After the Tulsa Community College (TCC) Art Department relocated from the Main Academic Building to the C4C, several members of the department commented on the interior of the building.
“Words like ‘boring’ and ‘sterile’ may have been used,” said Dewayne Pass, associate professor of art.
With the building’s fifth anniversary approaching, Center for Creativity Dean Annina Collier asked the art and design faculty if they would be interested in creating a permanent work in celebration.
“There were several conversations about what we could do with the building, with quite a few people involved. Annina Collier, Bill Derrevere, Ken Wood, and Rhonda Davis all contributed to the project,” said Pass.
Collier said via email, “The C4C is obviously a beautiful facility, and we are all so lucky to work and learn here. We’re always looking for ways to showcase the creativity of our students and faculty, and the long white hallways and stairwells are a perfect canvas for artists.”
The discussions eventually led the group to consider a mural, and they settled on the north-facing wall of the second floor stairwell.
“The stairwell gets great natural light,” Collier expanded, adding that they hoped to draw people into the building with the mural’s visibility from the street.
The wall, originally bare but for two structural beams, provided the largest canvas in the building. The mural, constructed of two different kinds of foam, takes full advantage of the 65-foot-long space.
Pass explained the team used colors and architectural shapes to pay tribute to Tulsa’s Art-Deco history.
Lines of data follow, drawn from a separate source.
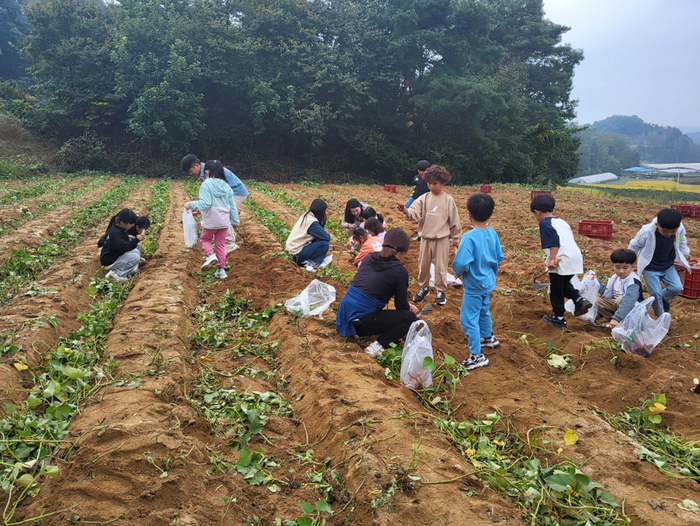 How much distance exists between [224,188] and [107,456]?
4588 mm

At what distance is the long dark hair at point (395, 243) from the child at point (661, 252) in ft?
8.64

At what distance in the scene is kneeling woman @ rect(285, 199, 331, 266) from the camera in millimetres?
7512

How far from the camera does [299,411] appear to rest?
3971mm

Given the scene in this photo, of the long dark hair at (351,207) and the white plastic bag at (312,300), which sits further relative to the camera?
the long dark hair at (351,207)

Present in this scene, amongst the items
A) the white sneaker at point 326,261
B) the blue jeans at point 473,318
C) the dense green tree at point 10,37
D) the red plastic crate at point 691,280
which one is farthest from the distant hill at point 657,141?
the blue jeans at point 473,318

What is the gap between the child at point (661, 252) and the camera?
516 cm

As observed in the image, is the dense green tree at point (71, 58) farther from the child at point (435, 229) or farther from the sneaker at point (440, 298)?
the sneaker at point (440, 298)

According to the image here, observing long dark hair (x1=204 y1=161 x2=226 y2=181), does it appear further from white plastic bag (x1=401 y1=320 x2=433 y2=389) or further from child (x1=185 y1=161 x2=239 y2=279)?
white plastic bag (x1=401 y1=320 x2=433 y2=389)

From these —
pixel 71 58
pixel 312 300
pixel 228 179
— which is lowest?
pixel 312 300

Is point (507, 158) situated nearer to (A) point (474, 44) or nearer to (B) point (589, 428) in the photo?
(A) point (474, 44)

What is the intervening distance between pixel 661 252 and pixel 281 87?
76.2 ft

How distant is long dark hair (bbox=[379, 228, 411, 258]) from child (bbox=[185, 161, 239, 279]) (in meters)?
3.12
They also used a topographical section of the riverbed to incorporate the city’s location on the Arkansas River.
Collier pointed out that an important part of the mission of the C4C was to “foster collaborations, between the academic divisions in the building, with others across TCC, and with the community.”
Collier said they got great support of the project from Metro Provost Greg Stone as well as Director of Physical Facilities Steven Cox and others in the Physical Facilities department.
The group also wanted to involve the Tulsa Fab Lab, using the lab’s Computer Numerical Control (CNC) equipment to create the vertical elements of the mural.
Pass said, “Ken Wood did the programming for that.”
Wood added the piece is “really a celebration of this area of Tulsa, and a mixture of old and new.”
The mural is ecologically friendly as well. The square works at either end of the mural were leftover shipping blocks for the larger pieces of architectural foam. Pass said those works were all created by art department students. “We didn’t give them much guidance, other than it should be three-dimensional and fun.”
“We’ve received lots of positive feedback and appreciative comments from students and staff,” Pass commented. He hopes to have the installation completed by the end of the semester.